Method table for Random Forests® Classification

Note

This command is available with the Predictive Analytics Module. Click here for more information about how to activate the module.

Find definitions and interpretation guidance for the Method table.

Model validation

Random Forests® Classification uses out-of-bag validation for every analysis. If you select validation with a test set in addition to out-of-bag validation, then the table displays the column that identifies the test set or the percentage of the data in the test and training sets.

Number of bootstrap samples

The number of bootstrap samples indicates the number of trees in the analysis. When you use the only out-of-bag validation, the sample size is the same as the number of rows in the analysis. When you use validation with a test set, the default sample size is the same as the training data size. If you choose to use a sample size smaller than the training data size, the table displays that size.

Number of predictors selected for node splitting

This row indicates whether the node splitting considers every predictor at each node or a random subset of the predictors. If the node splitting uses a random subset, this row indicates the choice for the number of predictors to consider.

If you use all the predictors initially, consider whether to use a subset of predictors in subsequent models to compare the performance of the models.

Minimum internal node size

The minimum internal node size indicates the minimum number of cases a node can have and still split into more nodes. If the model performance is inadequate, consider whether to increase this value to see the effect on the performance.

Missing value penalty

By default, the analysis does not have a missing value penalty and this row is not present. The missing value penalty penalizes a predictor variable for the proportion of missing values. A variable with a high penalty is less likely to become the splitter for a node.

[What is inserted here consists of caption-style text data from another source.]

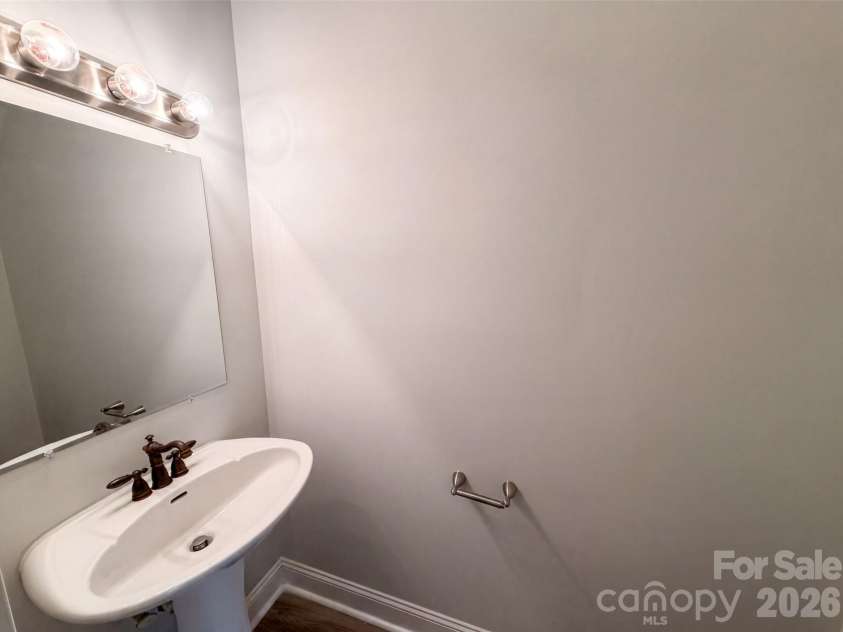 1604 Rocky Glen Lane, Charlotte, NC 28214.  MLS# CAR4414569, YatesRealty ID 44097. 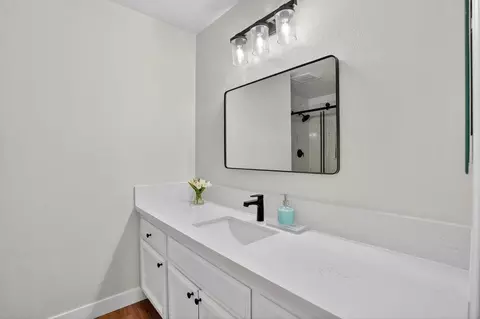 Bath - 122 Goodell Rd, Folsom, CA 95630 photo 1 of 9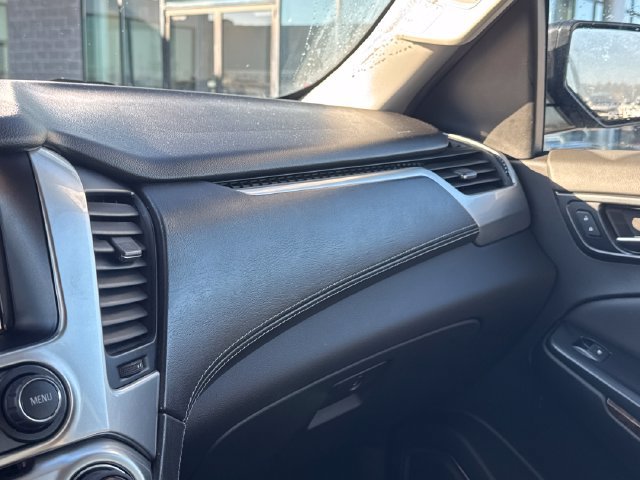 Used 2020 Chevrolet Tahoe LT w/ RST Edition AWD/4WD image 36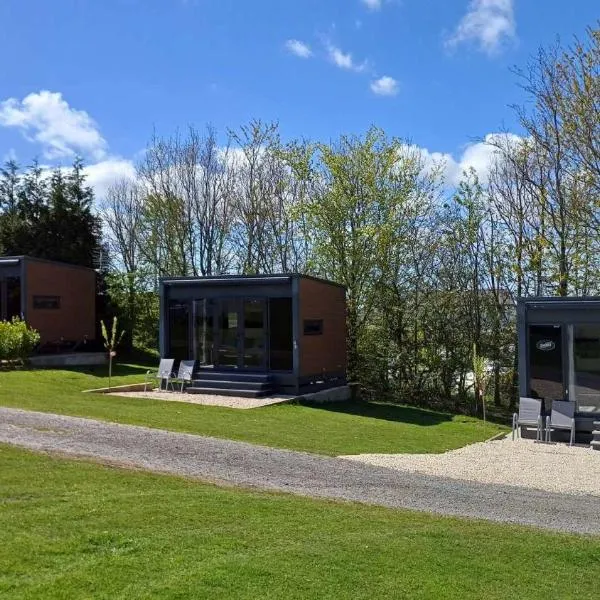 Luxury Pods at Mornest Caravan Park, Anglesey，位于Bodorgan的酒店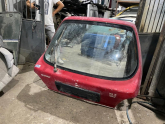 Oto Çıkma Parça / Nissan / Sunny / Oto Cam / Bagaj Camı / Çıkma Parça 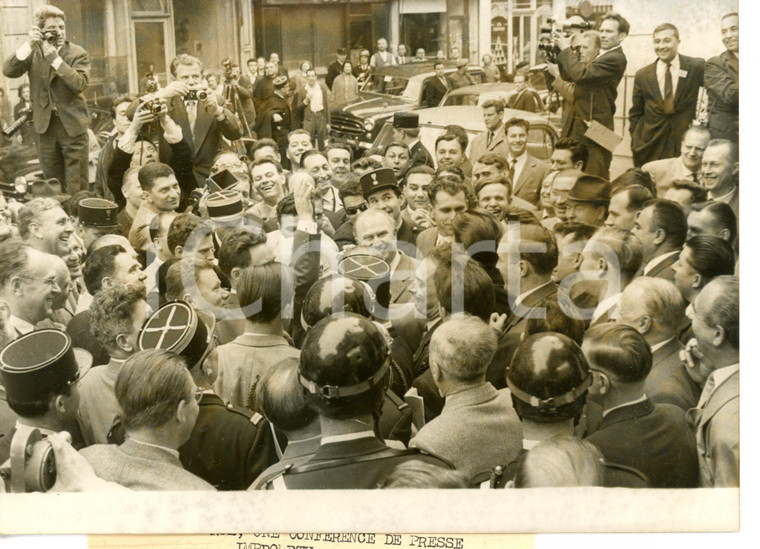 1960 PARIS Ambasciata sovietica - Nikita CHRUSCEV assediato dai giornalisti FOTO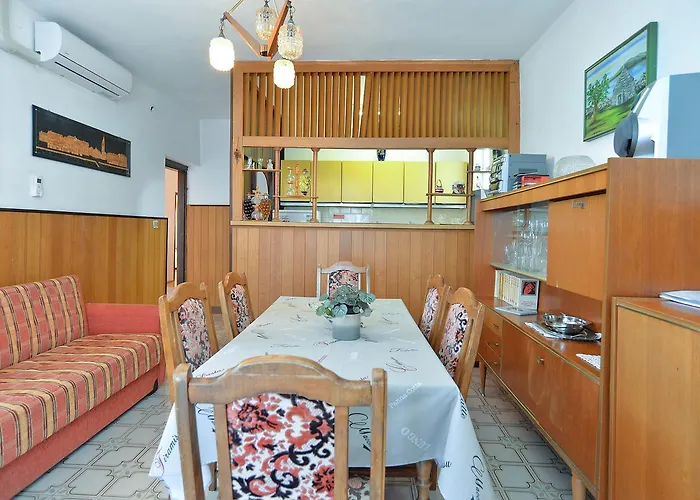Apartament Ana 1684 Pula
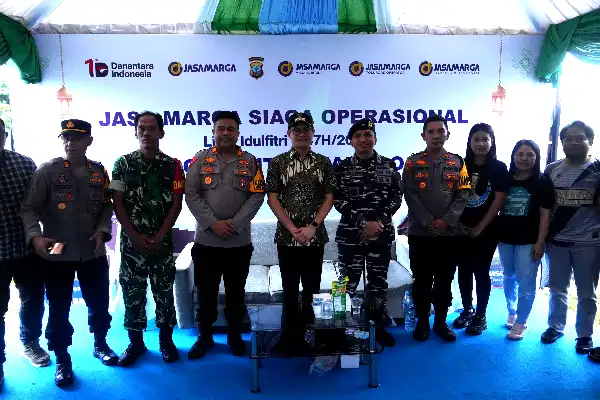 Pastikan Keamanan Lebaran, Bupati Joune Ganda Turun Langsung ke Pos Pengamanan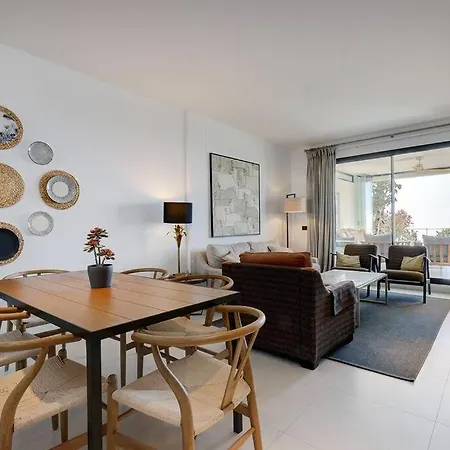 Appartement Ground Floor 4 Bedroom @ Hills!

High level category penalty

By default, the analysis does not have a high level category penalty and this row is not present. The high-level category penalty penalizes a variable based on the number of categorical levels relative to the size of the node for each node. Thus, a competitor with many levels in a node is less likely to become the splitter for that node.

Rows used

The number of response observations that are in the analysis.

Rows unused

The number of missing response observations.